Depuis le départ d’Isabelle Kocher en février, le groupe Engie, 170 000 salariés, n’avait plus de directeur général. Vendredi, il, ou plutôt, elle a été nommée : ce sera donc Catherine MacGregor. Qui est-elle ?

Qui est Catherine MacGregor, nouvelle D.G. d'Engie ?
Qui est Catherine MacGregor, nouvelle D.G. d'Engie ? © AFP / BERTRAND GUAY

Rien à voir avec l’actrice qui jouait le rôle ingrat de Harriet Oleson dans La petite maison dans la prairie, même si c’est elle qu’on trouve quand on “google” ce nom… Catherine MacGregor est deux fois plus jeune, elle a 48 ans. Elle est plutôt discrète donc. 

Ce nom anglo-saxon, elle le doit à son ex-mari, un Écossais. Elle est mère de deux filles de 16 et 21 ans. Elle est elle-même fille de deux profs de maths. Avec eux, elle a grandi au Maroc jusqu’à 14 ans. Elle est ingénieure, diplômée de l’école Centrale de Paris. 

Une fois ses études terminées, elle a rejoint la société Schlumberger. Cette entreprise alsacienne, devenue multinationale, fournit des produits et des services aux groupes pétroliers, en particulier pour les forages et les plateformes. “Schlum” comme disent les anciens, l’a envoyée au Congo, en Malaisie, aux Etats-Unis, à Londres, jusqu’à devenir patronne du forage. 

Un parcours qui l’a amenée à postuler au poste de PDG il y a un an et demi. Mais c’est Olivier Le Peuch, qui a dix ans de plus qu’elle, qui a été choisi. 

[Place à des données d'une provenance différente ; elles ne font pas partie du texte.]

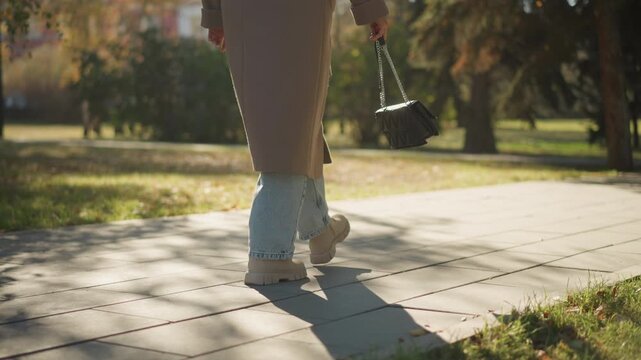 Close up of woman walking outdoors on paved path holding black handbag. Woman wears long brown coat light blue jeans and beige boots with visible shadows from trees in park setting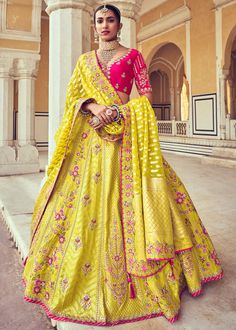 Woven Zari Banarasi silk lehenga choli in Yellow and Pink 6002 Desc:  Style : A-Line Lehenga Choli Color : Yellow and Pink Fabric : Silk   Work : Heavy Jacquard Woven With Embroidery & Stone Work Wash Care : Dry clean Sleeve Style : Half Sleeve Long Sleeves : Done only in Custom Stitch Sleeves Lining : Done only in Custom Stitch Bust Size : 32 to 42 Inches Occasion : Wedding   Mehendi   Sangeet   Engagement   Reception   Ceremonial   Baby ShowerShop Banarasi lehenga,silk lehengas,h Yellow Lehenga Designs, Lemon Yellow Lehenga, Bandhani Suit, Blouse Lehenga, Ghaghra Choli, Mirror Work Lehenga, Silk Lehenga Choli, Diwali Outfits, Yellow Lehenga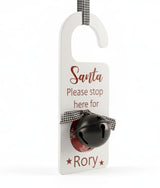 AKDC White “Santa Please Stop Here for Rory” Hanging Décor with Bell – Elegant Christmas Wall Decoration Sign - Al Kabayel Discount CentreAKDC White “Santa Please Stop Here for Rory” Hanging Décor with Bell – Elegant Christmas Wall Decoration SignHome Décor AccentsAKDCAl Kabayel Discount Centre
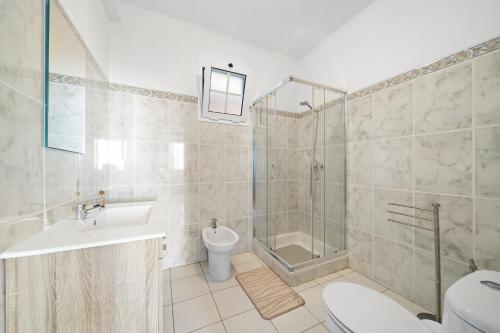 a bathroom with a shower and a toilet and a sink at Caniço Seaview House in Caniço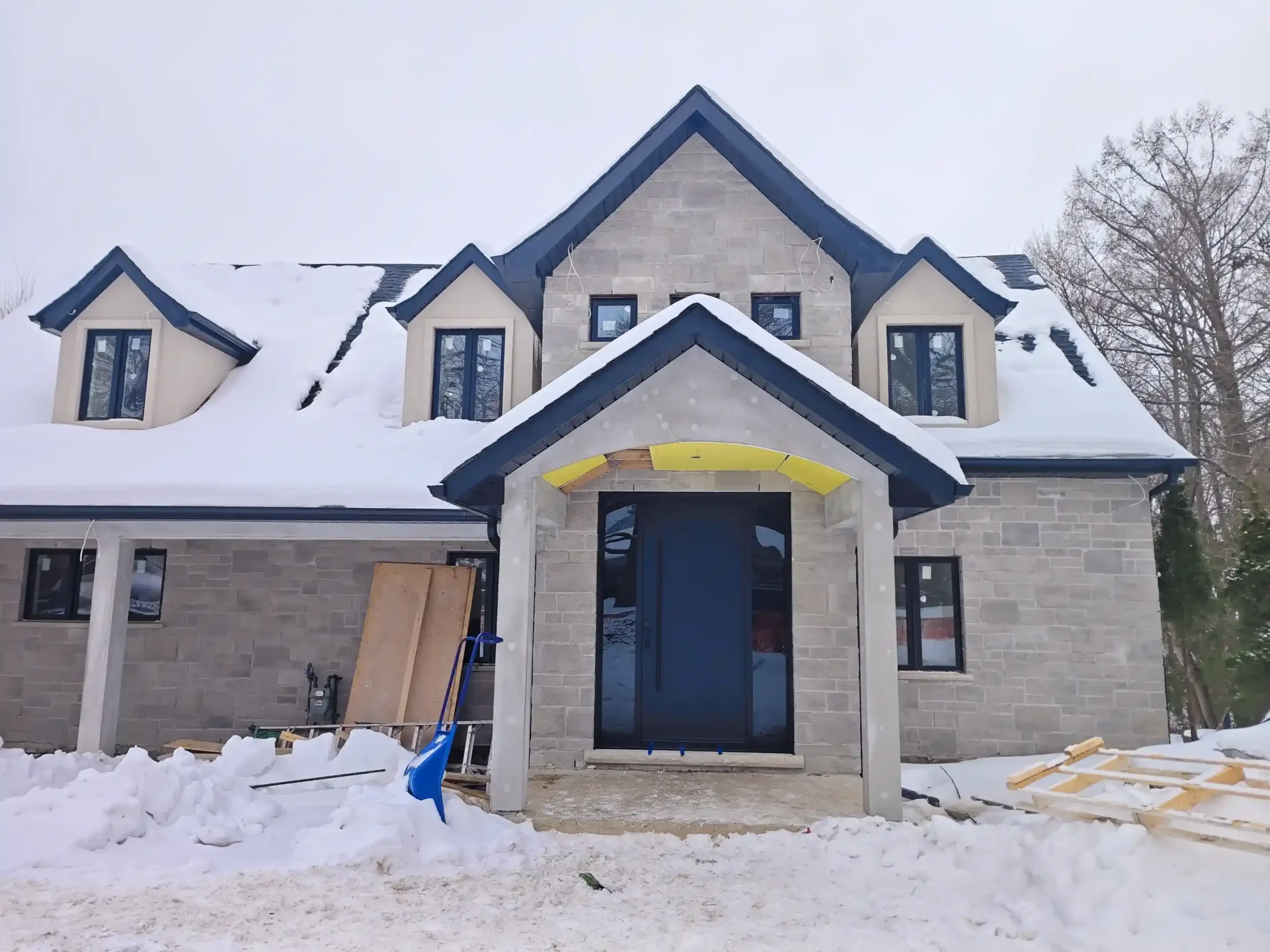 Modern dark mahogany fiberglass entry door with horizontal grooves installed by MapleFort on a snowy winter day in Newmarket.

Elle est donc partie chez un concurrent, le groupe Technip-FMC… 

Oui. D’ailleurs, elle n’a pas manqué de sollicitations ces dernières années. On a parlé d’elle pour diriger Nexans, le spécialiste des câbles, ou pour Vallourec, une autre société de service aux pétroliers. Elle avait été sondée pour succéder à Isabelle Kocher dès février, mais elle avait décliné à ce moment-là. 

Comme vous le disiez Mathilde elle venait de rejoindre Technip FMC et ce groupe devait se scinder en deux. Elle dirigeait une des deux moitiés, Technip Services, et devait l’emmener en Bourse. Mais la Covid a toutefois eu raison de ce projet. 

D’où l’idée, en août, de lui reparler d’Engie. Bruno Le Maire tenait à ce qu’il y ait au moins un homme et une femme en lice pour le poste dans la dernière ligne droite. Elle a donc accepté mais Engie c’est un beaucoup plus gros morceau que tout ce qui lui a été proposé jusqu'à maintenant. 

Et c’est elle qui va trancher cette affaire de vente de Suez à Veolia ? 

Alors non Mathilde, car elle prendra ses fonctions le 1er janvier et d’ici là, le sort de la participation d’Engie dans Suez devrait être scellé. Son rôle sera donc plutôt d’investir les 3 milliards d’euros que le groupe aura récupérés en échange. 

Se pose donc une autre question : elle qui vient du monde du pétrole a-t-elle la fibre de la transition énergétique et des énergies renouvelables ? Elle jure que oui. Elle avait engagé le mouvement chez Technip Services. 

Mais les ONG veulent confirmation. L’association Les Amis de terre demande par exemple à Engie de renoncer à un gros contrat d’approvisionnement en gaz de schiste américain. C’est un premier test.